▶ [PROVIDED MATERIAL]
^^^^^^^^^^^^^^^^

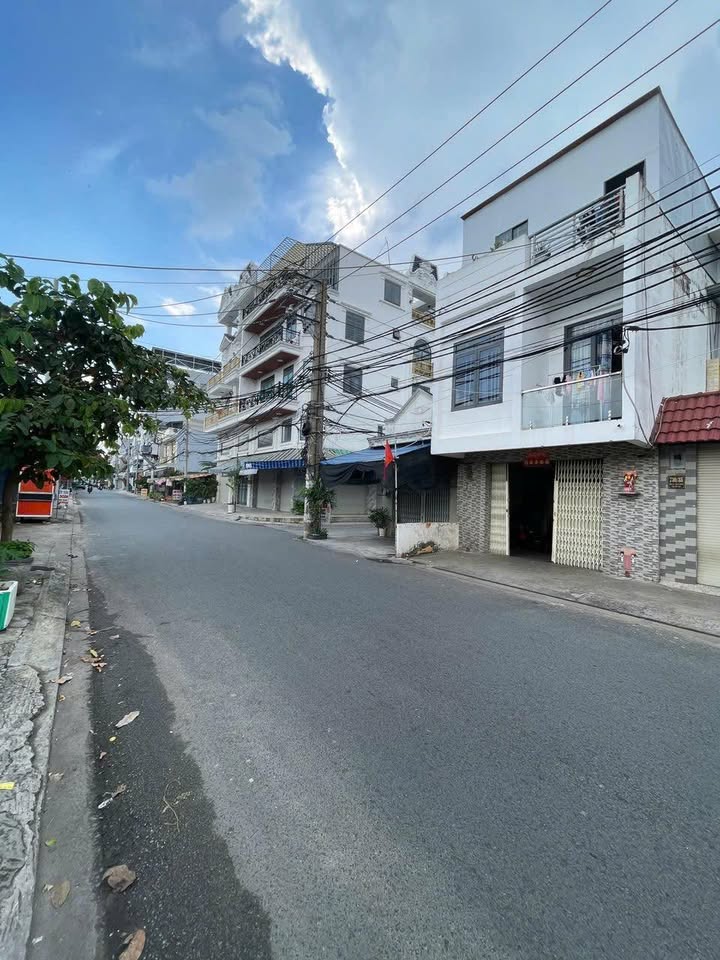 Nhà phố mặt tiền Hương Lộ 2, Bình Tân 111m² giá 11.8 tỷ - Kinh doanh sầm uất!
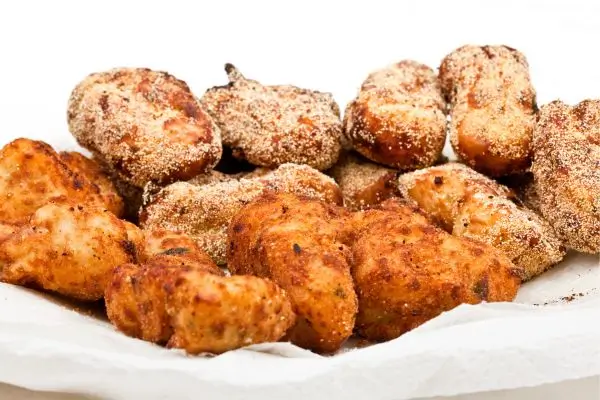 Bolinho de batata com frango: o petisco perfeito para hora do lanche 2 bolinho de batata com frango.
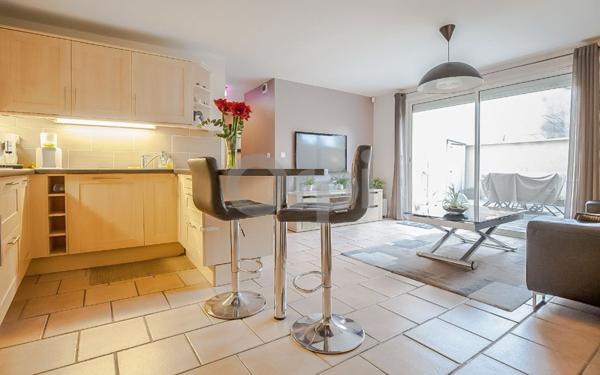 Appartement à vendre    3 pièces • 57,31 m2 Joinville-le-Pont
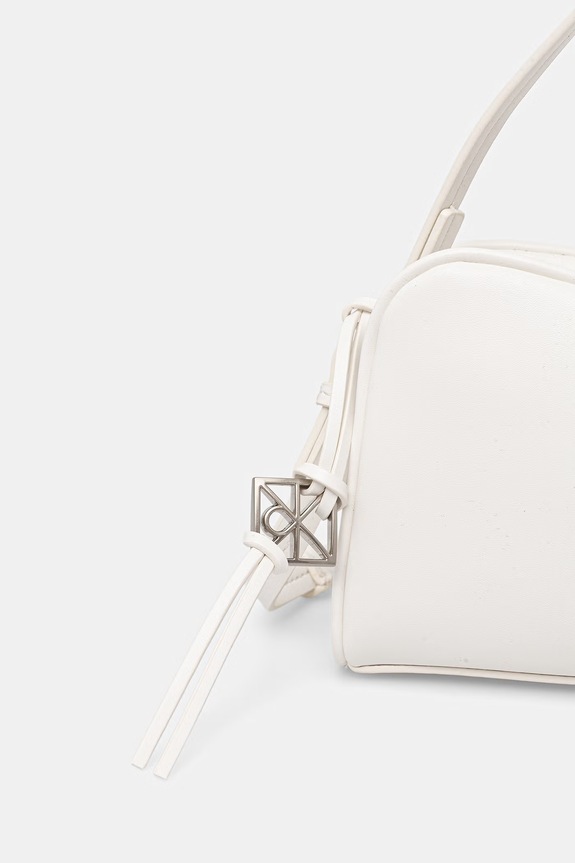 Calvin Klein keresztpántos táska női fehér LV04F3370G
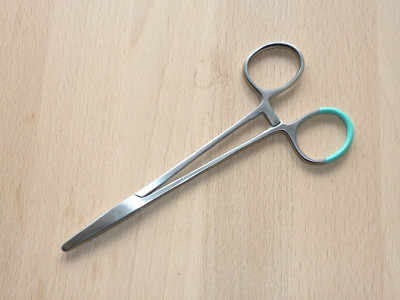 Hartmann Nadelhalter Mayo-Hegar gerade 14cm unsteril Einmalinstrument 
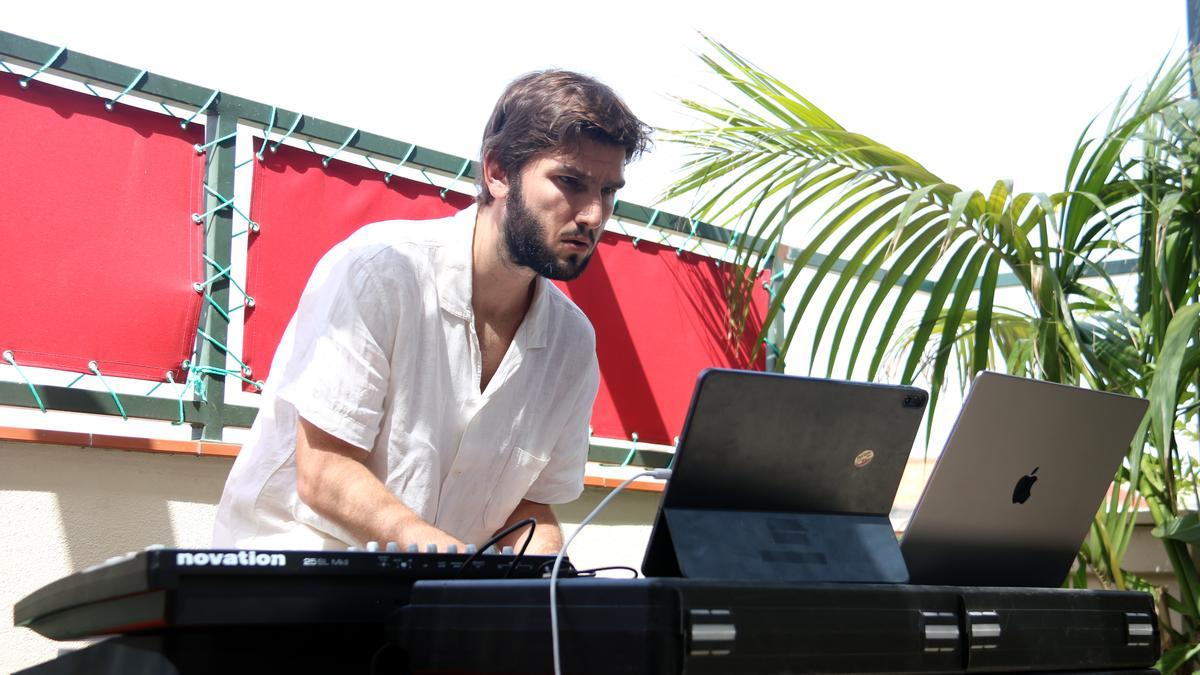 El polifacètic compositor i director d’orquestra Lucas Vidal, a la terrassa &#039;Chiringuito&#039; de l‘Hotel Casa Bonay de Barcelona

^^^^^^^^^^^^^^^^

▶ [YOUR GOAL] Quote exactly, and nothing besides, the lines from the one with "Calvin Klein keresztpántos" through the end of the records above; include both ends and omit the pictures.

▶ [ANSWER SPACE]
 Calvin Klein keresztpántos táska női fehér LV04F3370G
 Hartmann Nadelhalter Mayo-Hegar gerade 14cm unsteril Einmalinstrument 
 El polifacètic compositor i director d’orquestra Lucas Vidal, a la terrassa &#039;Chiringuito&#039; de l‘Hotel Casa Bonay de Barcelona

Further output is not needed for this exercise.